2) The website "forwarded" that IP address to Google, when the claimant accessed the respondent's website.

Obviously, from a technical point of view, the website operator did not "forward" the IP address to Google.

The website operator included a URI of Google's font server in its page and, when the claimant downloaded the page, their browser automatically rendered it, including following links to third party hosted resources.

However, and it is quite a big "however", the idea that the website operator is responsible for this is not new. Way back in 2010 (now I just sound old...), the Article 29 Working Party opined, in its guidance on online advertising, that:

the user's browser will transmit his/her IP address to the ad network provider which will proceed to send the cookie and tailored advertising. In this scenario, it is important to note that publishers do not transfer the IP address of the visitor to the ad network provider. Instead, it is the visitor's browser that automatically transfers such information to the ad network provider. However, this only happens because the publisher has set up its web site in such a way that the visitor to its own web site is automatically re-directed to the ad network provider web site. In other words, the publisher triggers the transfer of the IP address, which is the first necessary step that will allow the subsequent processing, carried out by the ad network provider for the purposes of serving tailored advertising.
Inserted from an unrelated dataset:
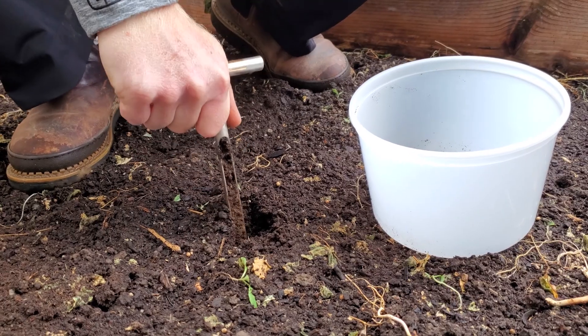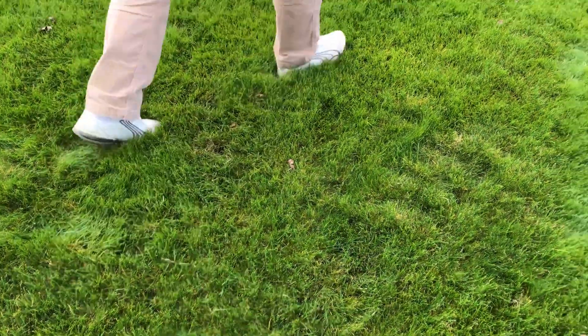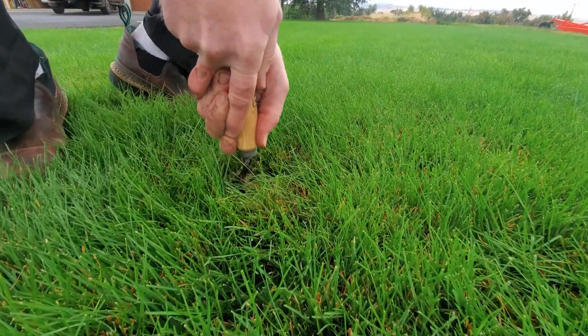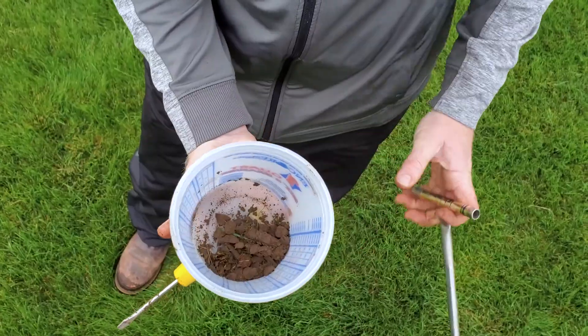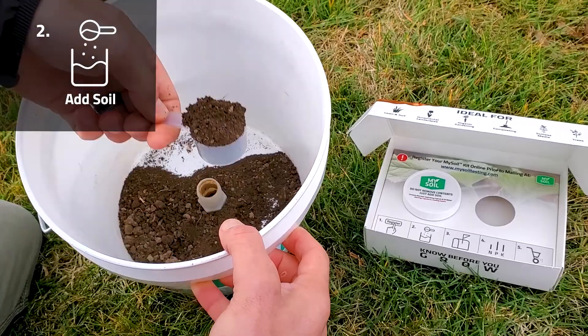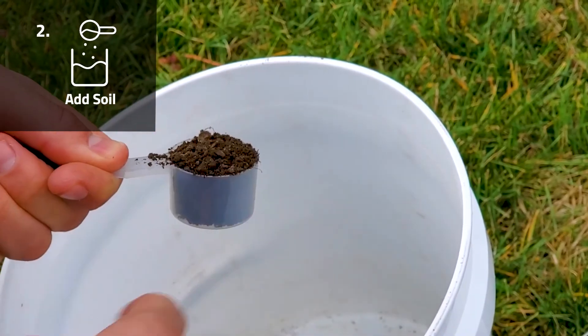To perform a soil test, determine the area to be tested. We recommend pulling soil from five to seven different spots to a depth of six inches. Use a large bag or bucket to collect and mix the subsamples. Then, using the provided scoop, add one full scoop of the composited soil to your sample jar.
Thus, even if, technically the data transfer of the IP address is carried out by the browser of the individual who visits the publisher web site, it is not the individual who triggers the transfer. The individual only intended to visit the publisher's web site. He did not intend to visit the ad network provider's web site.

So, while the language used by the court appears to me to be a bit suspect, the notion that the website operator is responsible for the implications of including references to third party remote resources in their webpages is of no surprise.

3) The "automatic transmission of the IP address by the respondent to Google" infringed German law.

As above.

4) The defendant could not rely on legitimate interests:

because Google Fonts can also be used by the defendant without a connection to a Google Server is established and the IP address of the website user is transmitted to Google.

In other words, nothing to do with the fact that it is Google, or that the international transfer rules might be engaged. The mere fact that the font was hosted on the server of a third party, when it could have been hosted by the website operator, was sufficient to be a breach of German law.

There was no discussion of whether Google was a controller or a processor, and whether this might have made a difference.

Curiously, the discussion relating to legitimate interests references the GDPR, as a lawful basis of processing of personal data. But the decision also references the ePrivacy framework, where "legitimate interests" is not relevant. (See below for more on this.)

5) The court held that:

The plaintiff was also not obliged to encrypt his own IP address before accessing the defendant's website.

I have no idea what this means in the context of an http request. One might encrypt the connection via TLS (and there is no information whether that happened or not), but encrypting an IP address makes no sense at all.

It is plausible that the judge had misunderstood the point about transfers, and worked on the basis that the site obtained the user's IP address and transferred it to Google, and so could have encrypted it before it transferred it.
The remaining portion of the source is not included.